Charley’s War is the best War comic you’re not reading right now. Not to be confused with Charlie’s War (different spelling), Charlie Wilson's War (different war) or Foyle’s War (different medium). This Charley is Charley Bourne who’s an idealistic (if dim) kid who wants to enlist in the army to help support the war effort. The army, wanting new volunteers accept Bourne’s admission, even though he lists his age as 16, but writes his date of birth as 1900. (The war started in 1914)
From the moment he steps out of training, he’s thrust into a hellish experience that’s nothing like he ever expected.
The early issues started out with dual narratives, with Charley experiencing the war, and toning it down in his letters to his parents in cursive. Eventually, the things happening began to outpace his ability to write home, which was a good thing, since the letters slowed down the rapid-fire pace.
There were several things that postponed my knowledge about this comic. 1. It ran in a British magazine. 2. It was published in a war comic magazine. 3. The artwork was mainly in black and white. 4. When serialized, it only posted a few pages from last week’s release.

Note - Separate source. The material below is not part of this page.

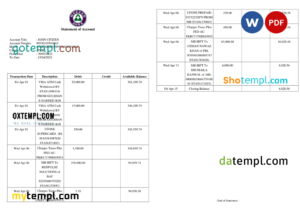 Pakistan Meezan bank statement Word and PDF template, 2 pages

Comic creators may talk about how difficult it is to do 16 pages for a Manga chapter on a weekly basis, but I’ll posit that it’s far harder to do a continuing storyline 3-4 pages at a time.
One thing that I liked was that they sung old war songs that were immortalized by Peanuts characters. Thanks to this, I was finally able to find out what the missing lyrics were.

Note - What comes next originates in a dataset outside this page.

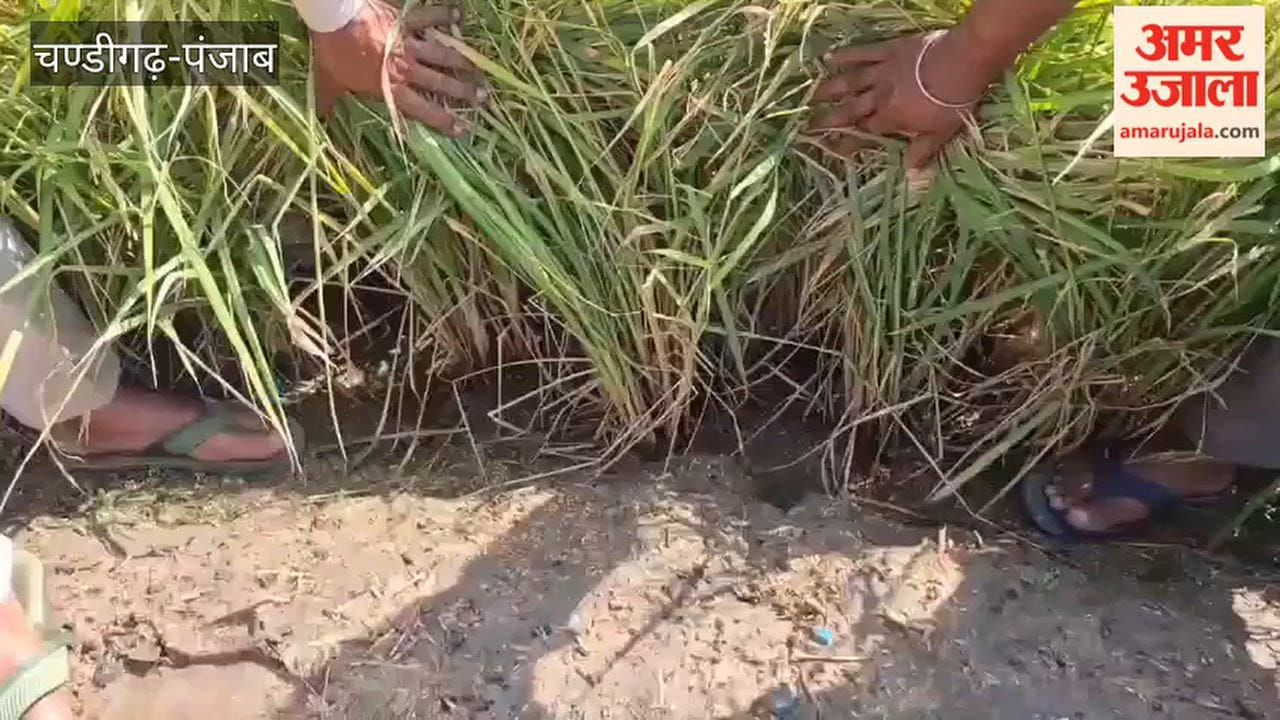 Paddy crop destroyed by hailstorm; farmers demand compensation of Rs 50,000 per acre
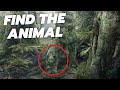 Can you find all the hidden animals? - QUIZ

In grade school, I was very annoyed with having to memorize the lyrics to Flander’s Fields. Even now, the first five stanzas are still stuck in my head. It wasn’t until I read this War comic that I began to understand what the lyrics meant. This is required reading for anyone who doesn’t know the significance of the poppies that’re sold around this time every year. There’s plenty of comics detailing the horrors of World War II, but there’s almost nothing known about The Great War (also known as The War to end All Wars)
The ironic thing is that it was published in Battle Magazine, which was well known for its patriotic war stories. Charley’s War was different in that it wasn’t done in the style of boy’s stories, which was the norm, but was done in an anti-war vent. In that sense, it was completely different from the other comics in the magazine. (I’ve never actually seen a pro-war comic or movie, so I have no idea what they’re like)
The amount of research and detail that Pat Mills and John Colquhoun were able to accomplish on a deadline schedule is astounding. Not to mention the amount of trivia that would be considered unbelievable:
Germans using their men as wheelbarrows to shoot machine guns.
Using champagne to cool down a machine gun.
Shooting through your own plane to hit an enemy flying in your blind spot.
British Officers treating war like some kind of game.
Singing the enemy’s anti-British war songs.
All these and more were events that actually happened during wartime. When Charley’s War was serialized, there were letters of complaint that such things were inconceivable. In fact, the only unbelievable element is that for all the brutality that goes on during the war, there’s practically no swearing. It never gets much raunchier than a “blimey!” around there, despite the brutality of the battlefield. Considering that this was serialized for young boys, this kind of censorship was understandable.
As Pat mentioned in his notes, WWI was the major inspiration for SteamPunk stories. Many of the early inventions such as tanks, gas masks and flamethrowers were due to creative innovations during wartime. Fans of the 15th volume of Full Metal Alchemist would surely identify with this comic.
If Legend of Galactic Heroes displayed the idealistic view of WWI, Charley’s War showed the humane (and inhumane) brutality that war movies generally avoid.
Charlie’s War was also notable for having plenty of side characters that were rotated out once they’d gotten killed or wounded in action. Some of the more memorable characters who managed to survive long enough include:
Weeper, a grinning fellow who was constantly crying from the aftereffects of a gas attack.
Smith 70, one of the numbered Smiths who was a technician who had the phrasing tic of, “it’s a bit technical, know what I mean?”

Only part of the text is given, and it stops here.